The book is "Cobra II: The Inside Story of the Invasion and Occupation of Iraq." It's based on three years of reporting by co-authors Michael Gordon, chief military correspondent for the New York Times, and retired Marine Corps Lieutenant General Bernard Trainor, a former Times military correspondent.
And both gentlemen join us now.
And welcome, thank you for being here.
This book is filled with all kinds of fascinating detail about the planning and execution and the occupation of the war. But I'd like to focus on those new things you've discovered that bear on why we're in the predicament we are now.
And I'd like to start with you, Michael Gordon.

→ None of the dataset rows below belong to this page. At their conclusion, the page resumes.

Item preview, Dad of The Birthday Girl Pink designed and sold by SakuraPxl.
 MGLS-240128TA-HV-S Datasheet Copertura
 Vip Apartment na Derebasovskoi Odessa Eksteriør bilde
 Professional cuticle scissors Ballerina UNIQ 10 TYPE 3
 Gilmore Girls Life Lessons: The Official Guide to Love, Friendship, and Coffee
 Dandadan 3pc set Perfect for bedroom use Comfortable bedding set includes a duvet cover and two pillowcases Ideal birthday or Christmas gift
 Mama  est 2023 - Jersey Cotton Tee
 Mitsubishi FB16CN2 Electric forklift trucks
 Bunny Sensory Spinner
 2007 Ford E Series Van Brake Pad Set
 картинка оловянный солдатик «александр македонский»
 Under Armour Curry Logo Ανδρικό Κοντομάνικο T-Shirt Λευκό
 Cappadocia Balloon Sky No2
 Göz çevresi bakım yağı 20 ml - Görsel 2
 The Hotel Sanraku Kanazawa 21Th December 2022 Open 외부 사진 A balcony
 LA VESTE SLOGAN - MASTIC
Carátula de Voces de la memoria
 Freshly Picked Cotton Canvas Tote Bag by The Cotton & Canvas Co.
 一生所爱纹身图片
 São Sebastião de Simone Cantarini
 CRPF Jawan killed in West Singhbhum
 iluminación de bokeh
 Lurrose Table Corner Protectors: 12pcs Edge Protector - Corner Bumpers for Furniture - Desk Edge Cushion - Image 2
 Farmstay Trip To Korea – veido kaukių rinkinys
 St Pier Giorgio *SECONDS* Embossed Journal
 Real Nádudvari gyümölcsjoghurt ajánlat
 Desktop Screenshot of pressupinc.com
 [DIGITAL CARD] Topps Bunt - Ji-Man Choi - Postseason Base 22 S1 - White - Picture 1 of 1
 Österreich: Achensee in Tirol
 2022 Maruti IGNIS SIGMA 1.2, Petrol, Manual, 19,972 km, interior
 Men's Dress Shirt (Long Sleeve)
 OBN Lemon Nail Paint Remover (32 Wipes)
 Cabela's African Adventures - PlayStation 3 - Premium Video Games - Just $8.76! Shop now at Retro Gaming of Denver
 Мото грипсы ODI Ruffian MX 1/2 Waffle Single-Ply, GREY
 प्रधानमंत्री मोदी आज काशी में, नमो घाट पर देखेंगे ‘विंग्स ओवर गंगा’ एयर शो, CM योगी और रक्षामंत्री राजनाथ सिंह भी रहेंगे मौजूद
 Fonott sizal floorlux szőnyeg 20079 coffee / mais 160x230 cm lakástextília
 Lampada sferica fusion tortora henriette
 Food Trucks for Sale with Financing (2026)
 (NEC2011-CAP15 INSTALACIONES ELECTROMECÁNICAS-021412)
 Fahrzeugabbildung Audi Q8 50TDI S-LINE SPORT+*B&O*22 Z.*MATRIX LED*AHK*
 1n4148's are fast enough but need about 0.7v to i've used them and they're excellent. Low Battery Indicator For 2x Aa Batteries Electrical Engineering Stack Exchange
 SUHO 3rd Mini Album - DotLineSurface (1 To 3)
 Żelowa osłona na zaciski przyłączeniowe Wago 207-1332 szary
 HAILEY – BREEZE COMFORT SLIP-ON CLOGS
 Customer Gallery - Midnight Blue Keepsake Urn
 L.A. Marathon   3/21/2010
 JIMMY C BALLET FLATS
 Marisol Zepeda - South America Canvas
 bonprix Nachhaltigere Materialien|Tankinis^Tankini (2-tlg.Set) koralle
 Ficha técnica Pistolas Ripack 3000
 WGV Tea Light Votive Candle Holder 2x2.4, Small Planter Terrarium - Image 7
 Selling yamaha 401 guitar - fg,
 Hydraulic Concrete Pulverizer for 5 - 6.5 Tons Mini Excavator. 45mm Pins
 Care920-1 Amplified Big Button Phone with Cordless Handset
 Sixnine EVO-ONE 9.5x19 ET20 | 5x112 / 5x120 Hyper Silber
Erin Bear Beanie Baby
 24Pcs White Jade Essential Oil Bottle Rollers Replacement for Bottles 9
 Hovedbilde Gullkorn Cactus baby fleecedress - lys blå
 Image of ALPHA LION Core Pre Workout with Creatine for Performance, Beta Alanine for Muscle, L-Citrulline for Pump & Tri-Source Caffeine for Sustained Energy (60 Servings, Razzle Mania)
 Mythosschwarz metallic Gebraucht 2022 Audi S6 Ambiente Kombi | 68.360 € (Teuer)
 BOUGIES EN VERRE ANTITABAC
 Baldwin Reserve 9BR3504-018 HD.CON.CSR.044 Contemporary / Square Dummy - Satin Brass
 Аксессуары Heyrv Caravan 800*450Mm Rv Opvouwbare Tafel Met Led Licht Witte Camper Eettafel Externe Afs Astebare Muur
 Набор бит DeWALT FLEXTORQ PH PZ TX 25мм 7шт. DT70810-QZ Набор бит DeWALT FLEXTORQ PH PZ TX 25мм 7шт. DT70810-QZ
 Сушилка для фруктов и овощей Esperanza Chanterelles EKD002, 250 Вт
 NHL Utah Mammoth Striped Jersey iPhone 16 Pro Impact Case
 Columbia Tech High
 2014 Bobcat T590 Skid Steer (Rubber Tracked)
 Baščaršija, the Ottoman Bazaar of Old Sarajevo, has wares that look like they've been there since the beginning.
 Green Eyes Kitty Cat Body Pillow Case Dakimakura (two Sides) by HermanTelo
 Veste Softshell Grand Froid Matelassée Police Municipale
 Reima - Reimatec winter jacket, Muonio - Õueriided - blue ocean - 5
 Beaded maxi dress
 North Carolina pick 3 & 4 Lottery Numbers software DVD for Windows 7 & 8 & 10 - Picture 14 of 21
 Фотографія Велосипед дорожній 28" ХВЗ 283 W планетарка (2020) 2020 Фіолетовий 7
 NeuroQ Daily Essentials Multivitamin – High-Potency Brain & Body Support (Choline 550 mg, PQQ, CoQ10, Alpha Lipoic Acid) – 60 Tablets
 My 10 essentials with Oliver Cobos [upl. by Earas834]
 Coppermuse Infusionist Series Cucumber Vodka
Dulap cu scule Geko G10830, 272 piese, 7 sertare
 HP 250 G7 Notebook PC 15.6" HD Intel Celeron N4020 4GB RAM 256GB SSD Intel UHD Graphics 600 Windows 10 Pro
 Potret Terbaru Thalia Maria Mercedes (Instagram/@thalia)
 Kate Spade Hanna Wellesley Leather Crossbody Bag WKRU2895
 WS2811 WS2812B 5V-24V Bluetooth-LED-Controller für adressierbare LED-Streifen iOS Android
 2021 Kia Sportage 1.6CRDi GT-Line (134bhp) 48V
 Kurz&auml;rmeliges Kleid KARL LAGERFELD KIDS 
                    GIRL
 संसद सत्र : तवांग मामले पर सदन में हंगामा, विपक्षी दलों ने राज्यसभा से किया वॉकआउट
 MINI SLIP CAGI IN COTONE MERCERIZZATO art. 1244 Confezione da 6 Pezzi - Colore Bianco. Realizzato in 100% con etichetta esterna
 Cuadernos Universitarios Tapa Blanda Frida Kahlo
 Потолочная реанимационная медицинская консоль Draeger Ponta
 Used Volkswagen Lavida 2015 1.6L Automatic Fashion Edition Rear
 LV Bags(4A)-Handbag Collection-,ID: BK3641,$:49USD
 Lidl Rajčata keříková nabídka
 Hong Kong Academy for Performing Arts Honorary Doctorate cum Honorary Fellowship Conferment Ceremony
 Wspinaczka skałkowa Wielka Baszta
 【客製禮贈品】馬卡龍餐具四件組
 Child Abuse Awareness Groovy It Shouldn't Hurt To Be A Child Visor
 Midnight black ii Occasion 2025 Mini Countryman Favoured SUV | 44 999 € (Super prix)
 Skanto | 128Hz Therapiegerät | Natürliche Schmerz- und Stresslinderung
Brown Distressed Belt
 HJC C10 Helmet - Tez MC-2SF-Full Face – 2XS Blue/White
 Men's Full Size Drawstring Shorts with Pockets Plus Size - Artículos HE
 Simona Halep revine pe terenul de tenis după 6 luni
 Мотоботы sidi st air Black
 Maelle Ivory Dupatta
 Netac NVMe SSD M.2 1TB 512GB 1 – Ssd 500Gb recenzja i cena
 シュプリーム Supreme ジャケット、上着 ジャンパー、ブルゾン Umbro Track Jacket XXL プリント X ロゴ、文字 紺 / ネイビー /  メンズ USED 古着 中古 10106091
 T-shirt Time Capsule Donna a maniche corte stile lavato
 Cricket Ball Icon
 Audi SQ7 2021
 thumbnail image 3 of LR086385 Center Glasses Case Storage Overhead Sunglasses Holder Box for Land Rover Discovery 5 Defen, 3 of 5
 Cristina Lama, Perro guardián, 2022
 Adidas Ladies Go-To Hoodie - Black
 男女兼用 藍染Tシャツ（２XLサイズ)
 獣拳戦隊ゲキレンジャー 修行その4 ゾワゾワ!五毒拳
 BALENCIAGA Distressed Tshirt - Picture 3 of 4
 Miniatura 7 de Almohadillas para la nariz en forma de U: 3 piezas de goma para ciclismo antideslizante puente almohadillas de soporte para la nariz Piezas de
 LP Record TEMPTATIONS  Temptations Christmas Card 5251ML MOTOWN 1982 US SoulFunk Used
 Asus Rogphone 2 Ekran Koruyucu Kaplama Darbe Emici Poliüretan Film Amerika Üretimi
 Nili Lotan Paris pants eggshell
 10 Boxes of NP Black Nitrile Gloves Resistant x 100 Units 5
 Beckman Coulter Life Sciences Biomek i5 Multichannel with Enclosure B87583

There is a quote very early, right -- very early in the book, what I found the most stunning overall conclusion you came to, and it was the following: "There were indications from the first days of the invasion," you wrote, "of the insurgency and guerrilla tactics to come, but they were ignored at the highest levels in Washington and at the Central Command."
What were those indications and who failed to take them seriously?
MICHAEL GORDON: All right. I think in going back and studying the war in microscopic detail, which is what you do -- interview all the participants, go through the documents -- what basically happened is the forces as soon as they crossed the border, they were involved in rather fierce fights in towns like Nasariyah, Samawah, an-Najaf. And they were fighting an irregular enemy, an enemy that used guerrilla-style tactics from Toyota pickup trucks, used RPGs, not the Republican Guard or regular army.
And it was very evident to the forces in the field that this was a different type of foe. In fact, some of the intelligence officers said this is a kind of enemy that's not going to go away when Baghdad falls.
But these lessons really weren't learned at the highest levels.
MARGARET WARNER: But they did send back word. They sent back intelligence reports and field reports, is that right?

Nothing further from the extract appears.